20 Ende Mordechai beschreef dese geschiedenissen: ende hy sondt brieven aen alle de Ioden, die in alle de lantschappen des Koninghs Ahasveros waren, dien die naby, ende dien die verre waren,
21 Om over hen te bevestigen dat sy souden onderhouden den veertienden dagh der maent Adar, ende den vijftienden dagh der selver in alle ende een yeder jaer:
22 Na de dagen in dewelcke de Ioden tot ruste gekomen waren van hare vyanden, ende de maent die hen verandert was van droeffenisse in blijdtschap, ende van rouwe in eenen vrolicken dagh: dat sy de selve [dagen ] maken souden [tot ] dagen der maeltijden, ende der vreught, ende der sendinge van deelen aen malkanderen, ende der gaven aen de arme.
23 Ende de Ioden namen aen te doen dat sy begonnen hadden, ende dat Mordechai aen hen geschreven hadde.
24 Om dat Haman de sone Hammedatha, de Agagiter, aller Ioden vyant, tegen de Ioden gedacht hadde, haer om te brengen: ende dat hy het Pur, dat is, het lot hadde geworpen, om haer te verslaen, ende om haer om te brengen.
25 Maer als sy voor den Koningh gekomen was, heeft hy door brieven bevolen, dat sijne boose gedachte, die hy gedacht hadde over de Ioden, op sijnen kop souden weder keeren: ende men heeft hem, ende sijne sonen aen de galge gehangen.
26 Daerom noemt men die dagen Purim, van den name dies Purs: Hierom, van wegen alle de woorden van dien brief: ende het gene sy selve van sulcks gesien hadden, ende wat tot hen over gekomen was;
27 Bevestighden de Ioden, ende namen op hen, ende op haer zaet, ende op alle die haer tot hen vervoegen souden: dat men het niet en overtrade, dat sy dese twee dagen souden houden, na de voorschrift der selver, ende na den bestemden tijt der selver, in alle ende yeder jaer.
28 Dat dese dagen gedacht souden worden ende onderhouden, in al ende elck geslachte, elck huysgesin, elck lantschap, ende elcke stadt: ende dat dese dagen Purim niet en souden over getreden worden onder de Ioden, ende dat de gedachtenisse der selver geen eynde nemen en soude by haren zade.
29 Daer na schreef de Koninginne Esther de dochter Abichails, ende Mordechai de Iode met aller macht, om desen brief van Purim ten tweeden male te bevestigen.

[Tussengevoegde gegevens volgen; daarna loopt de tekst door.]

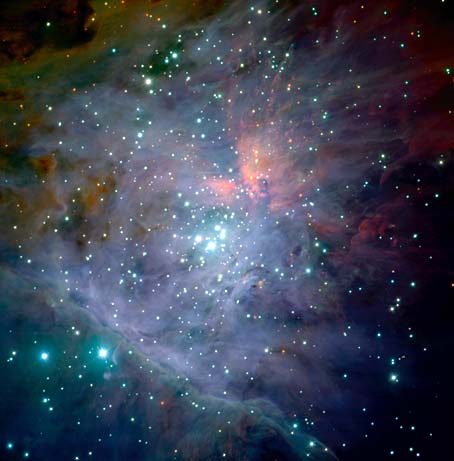 Der Trapez-Haufen im Sternbild Orion, aufgenommen mit dem Hubble-Weltraumteleskop bei infraroten Wellenlängen. Die Abbildung auf Seite 11 zeigt eine fingerförmige Dunkelwolke im Sternbild Adler, ebenfalls aufgenommen mit dem Hubble-Weltraumteleskop.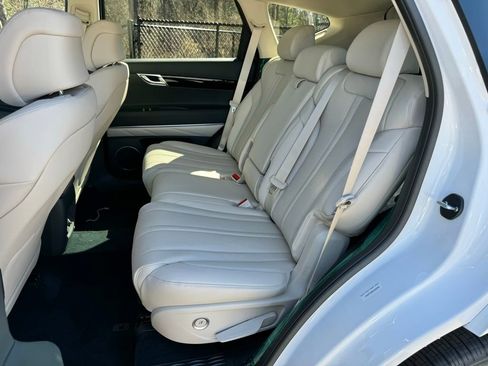 Used 2025 Genesis GV80 2.5T Standard image 20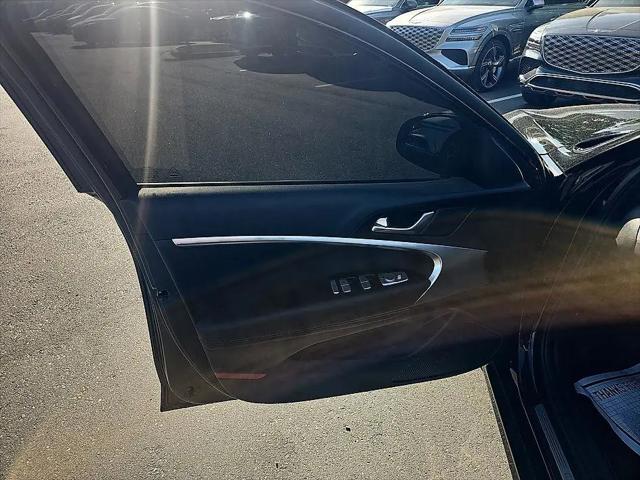 2023 Genesis G70 2.0T RWD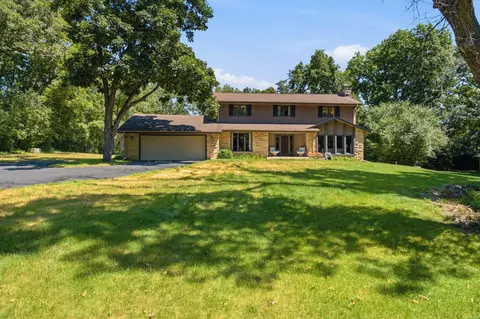w286s4660 Woods, Genesee, WI 53189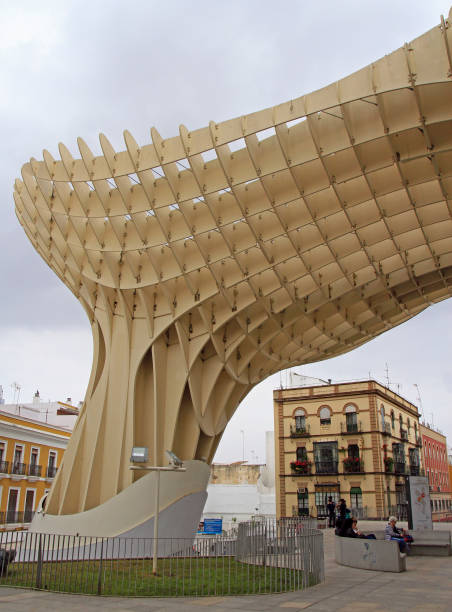 metropol parasol es la arquitectura moderna en sevilla - plaza de espana sevilla town square seville fotografías e imágenes de stock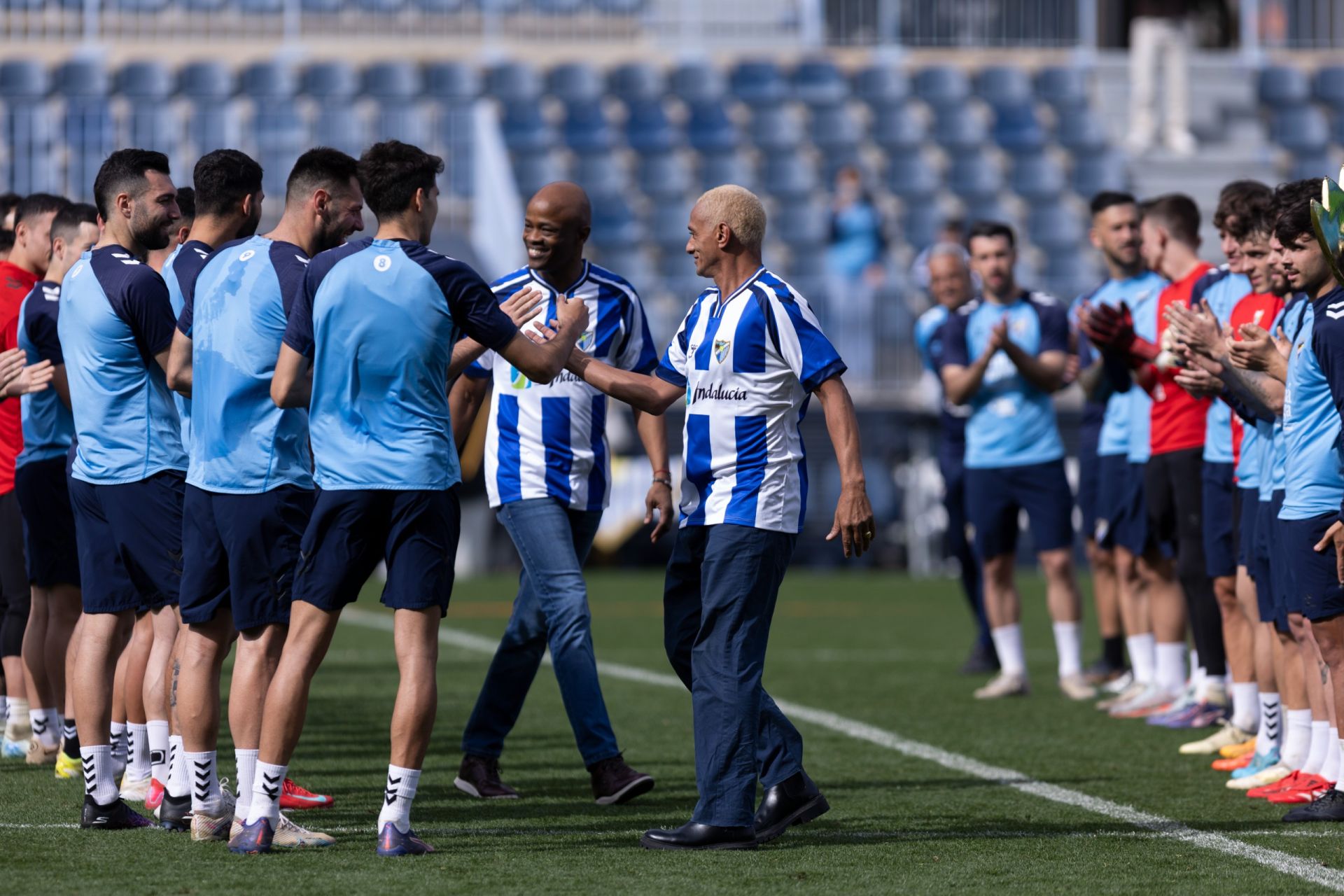 El entrenamiento del Málaga de puertas abiertas, en imágenes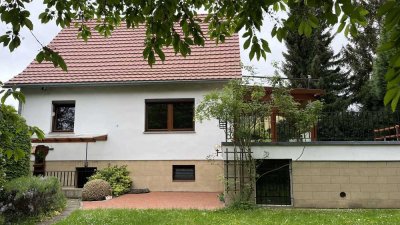 Top-gepflegtes, ruhig gelegenes Einfamilienhaus mit wunderschönem großen Garten in Leubnitz-Neuostra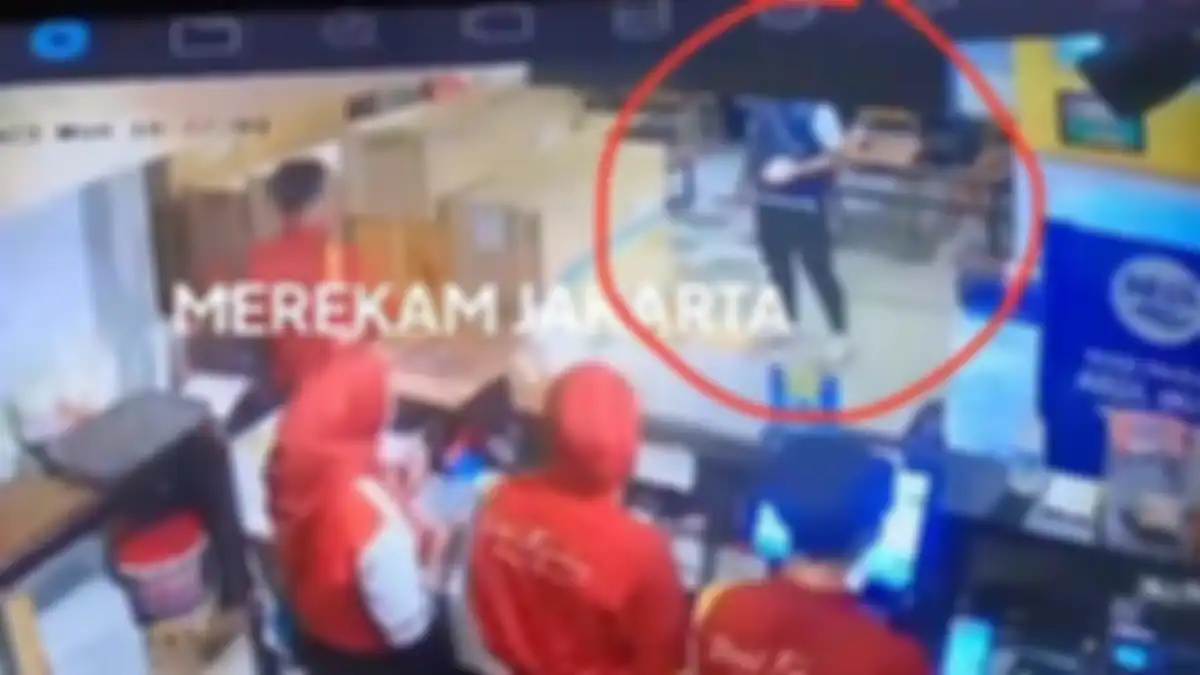 Viral Pembeli Lempar Piring Berisi Nasi ke Karyawan Restoran, Alasannya Tak Diberi Senyum 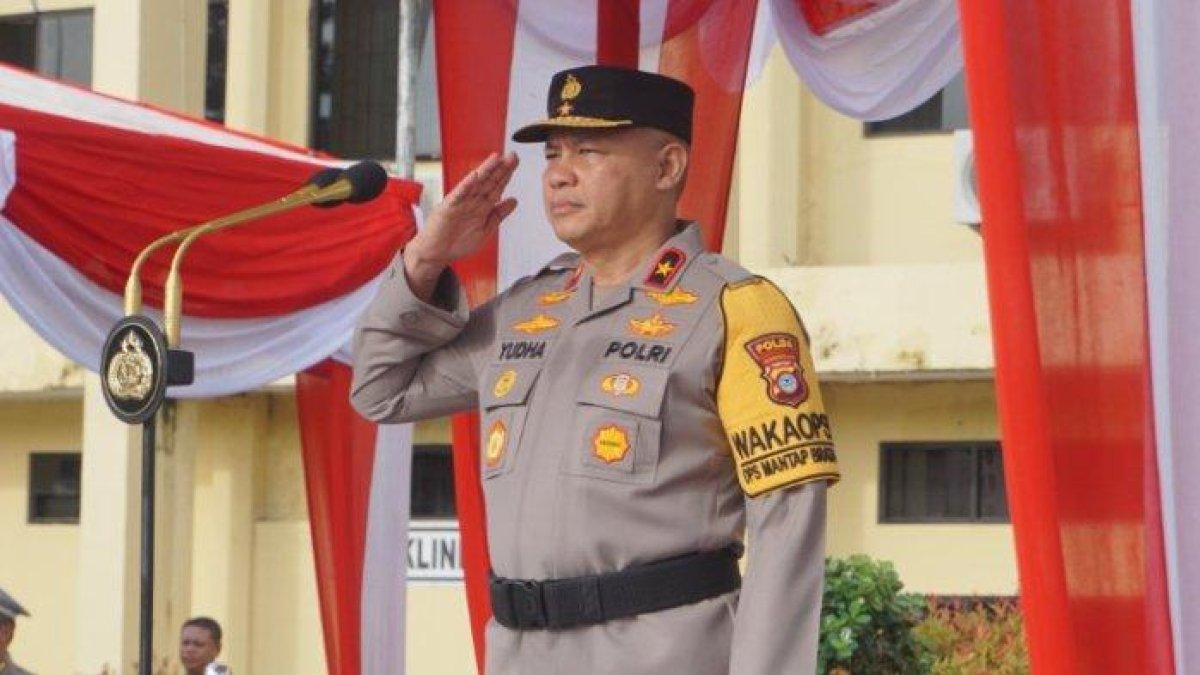 KARIER ROSYANTO YUDHA,- Jejak karier Rosyanto Yudha, Kapolda Kalsesl yang anaknya viral karena doyan pamer kemewahan naik jet pribadi, padahal gajinya cuma Rp5,5 juta.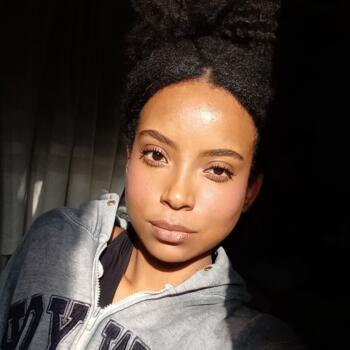 Niñera en Caracas: Genesis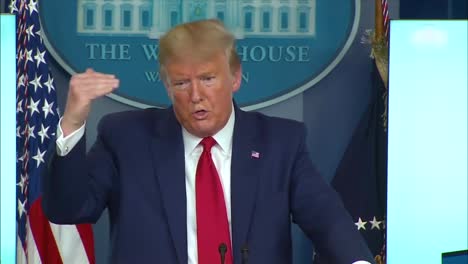 31-De-Marzo-Conferencia-De-Prensa-Sobre-El-Coronavirus-De-Covid19-En-La-Casa-Blanca-Incluye-Al-Presidente-Donald-Trump-Diciendo-Que-220000-Personas-Morirán-Pero-Que-Quiere-Ser-Un-Animador-Del-Country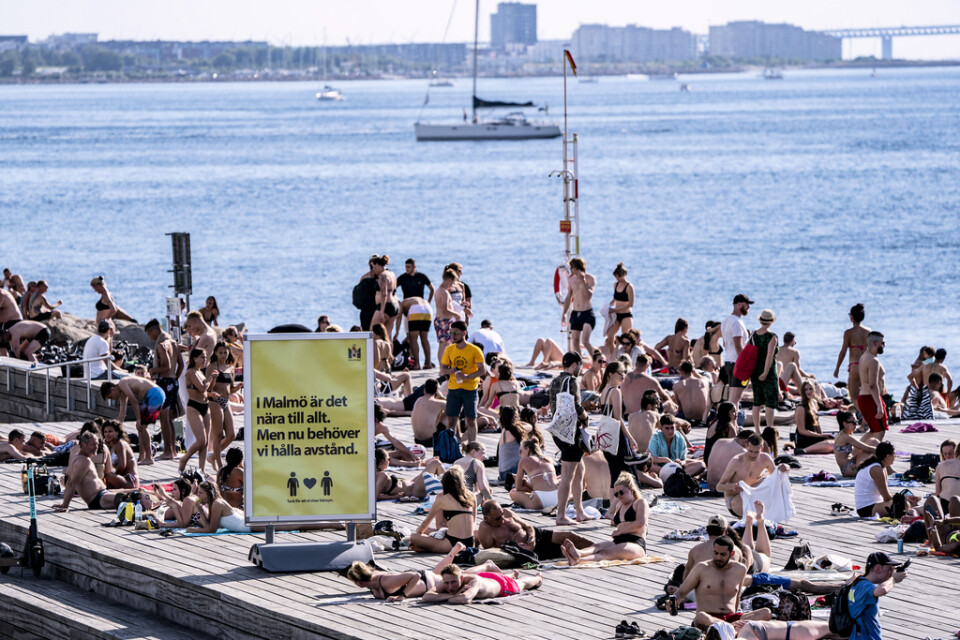 Många svenskar runt om i landet struntar i att efterleva de råd som givits för att minska smittspridningen av coronaviruset, enligt länsstyrelsen i Skåne, som sammanställt lägesbilder från hela landet. Bilden från Scaniabadet i Malmö.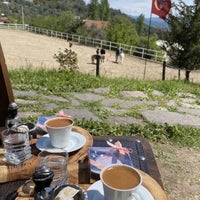 Das Foto wurde bei Doğuşlu Binicilik ve Pony Kulübü von 🦋 am 5/7/2022 aufgenommen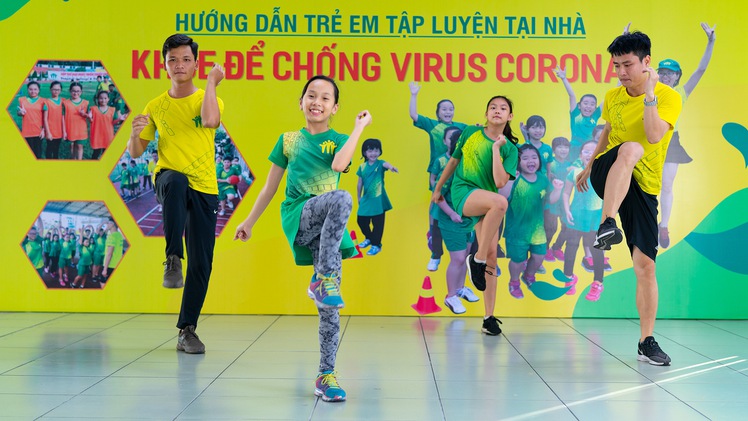 Bài 28: 'Khỏe để chống virus Corona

30 Ende hy sondt de brieven aen alle de Ioden, in de hondert ende seven en twintigh lantschappen des Koninckrijcks Ahasveros, met woorden van vrede ende trouwe.
31 Dat sy dese dagen van Purim bevestigen souden op hare bestemde tijden, gelijck als Mordechai de Iode over hen bevestight hadde, ende Esther de Koninginne, ende gelijck als sy het bevestight hadden voor haer selven ende voor haer zaet: de saken van het vasten ende haerlieder geroep.
32 Ende het bevel Esthers bevestighde de geschiedenissen van dese Purim: ende het wert in een boeck geschreven.